Part of the guidelines too are the provisions on the US$400 minimum wage for domestic helpers and the “no placement fee” policy which only pay lip service to the protection of the well-being and rights of domestic helpers. These policies are devious and designed to give false hope to our OFWs that the government is after their welfare. What these policies only ensure is a legal cover for government’s extortion.

How will the government implement these policies when it failed to come up with mechanisms and procedures to enforce such. For one, wages of foreign domestic helpers are set by their host countries. In Hong Kong for example, two wage cuts for foreign domestic helpers were implemented in the past and the response of the Philippine government is either lukewarm or totally absent. Second, our government could not even stop the proliferation of recruitment agencies who are overcharging placement fees. How then can the government implement the no placement fees policy? In addition, in countries like Taiwan and Korea, our government has special arrangements so that labor export to said countries shall be exempted from POEA guidelines. Unless the government exercise its political will to look after the rights and welfare of our OFWs in the face of host countries’ conditionalities our OFWs will always be at the losing end.

The guidelines also say that the minimum age for domestic helpers working abroad is 25 years old as at this age they are mature enough to fight for their rights. Realities of OFWs especially among women victims of violence say otherwise. Violence against women does not discriminate age, sex, race and status. The reality is unemployment among young people is rampant. The minimum age requirement of 25 may even force prospective OFWs to go through racketeers and illegal forgers of documents just so they could work abroad.
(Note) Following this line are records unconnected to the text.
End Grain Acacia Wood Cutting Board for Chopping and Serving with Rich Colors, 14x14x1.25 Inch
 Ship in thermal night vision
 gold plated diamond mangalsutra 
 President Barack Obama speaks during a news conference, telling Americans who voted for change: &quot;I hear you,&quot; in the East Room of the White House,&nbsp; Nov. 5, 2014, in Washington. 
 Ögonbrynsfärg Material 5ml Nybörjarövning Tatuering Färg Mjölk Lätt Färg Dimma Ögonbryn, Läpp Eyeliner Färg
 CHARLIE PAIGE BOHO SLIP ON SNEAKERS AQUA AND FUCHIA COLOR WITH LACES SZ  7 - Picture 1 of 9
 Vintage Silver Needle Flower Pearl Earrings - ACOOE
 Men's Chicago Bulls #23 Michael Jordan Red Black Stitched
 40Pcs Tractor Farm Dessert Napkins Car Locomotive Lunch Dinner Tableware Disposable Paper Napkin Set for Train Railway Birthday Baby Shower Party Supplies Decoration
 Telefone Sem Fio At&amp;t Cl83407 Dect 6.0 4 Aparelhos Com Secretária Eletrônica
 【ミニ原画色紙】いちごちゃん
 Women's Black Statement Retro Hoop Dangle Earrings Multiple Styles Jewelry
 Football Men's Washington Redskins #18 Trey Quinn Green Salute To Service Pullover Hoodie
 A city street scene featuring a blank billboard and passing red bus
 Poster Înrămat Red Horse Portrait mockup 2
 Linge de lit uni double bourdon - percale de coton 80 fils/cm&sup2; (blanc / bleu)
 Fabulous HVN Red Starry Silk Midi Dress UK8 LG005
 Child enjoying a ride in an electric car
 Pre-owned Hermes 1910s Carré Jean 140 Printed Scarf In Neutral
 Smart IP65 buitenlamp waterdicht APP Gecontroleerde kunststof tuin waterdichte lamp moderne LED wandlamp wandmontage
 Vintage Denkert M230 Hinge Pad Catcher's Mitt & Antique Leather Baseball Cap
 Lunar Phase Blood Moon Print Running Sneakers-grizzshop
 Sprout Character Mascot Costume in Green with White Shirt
Mr. Speaker, our OFWs remitted US$11.4 Billion to our economy last year earning us the distinction of being the world’s most dependent country on overseas workers’ remittances. With the new guidelines, the government will be assured of more incomes while the welfare of our OFWs is at stake.

Thousands of domestic helpers will be affected by the new POEA guidelines. For all the motherhood statements of the Philippine government and the platitudes to the new economic heroes, the new guidelines reinforce the underlying framework of the government that our OFWs are nothing but a deep and bottomless well of revenues for the government. The government misses out the point that the urgent and real issues of Filipino domestic helpers are the absence of real protection of their rights and promotion of their well-being.
Mr. Speaker, our OFWs in Hong Kong are demanding for the scrapping of the new guidelines. I urge this body to address this demand immediately. In addition I urge all the members of the House to call for the immediate suspension of the implementation of the guidelines and conduct a wise and genuine consultation among OFWs on the matter.

[1] A Filipino street slang meaning: “illegal exaction of money.”
[2] NAIA – Ninoy Aquino International Airport
[3] While waiting at the immigration area for any result whether I could or could not leave for Hong Kong, I was thinking about the situation of our Overseas Filipino Workers that were withheld from departing at the immigration and were not deployed due to their failure to present the necessary documents based on the new guidelines by the POEA in deploying our Household Service Workers overseas
[4] Fellow-countrymen or Fellow-Filipinos
[5] These new guidelines are wide-spread commercialization of our overseas household service workers where majority are women. As in any businesses, they have to be packaged in order to command a higher price.
[6] They are not milking cows.
[7] Illegal exaction of money
[8] They have already been commercialized, and equally illegally-exacted!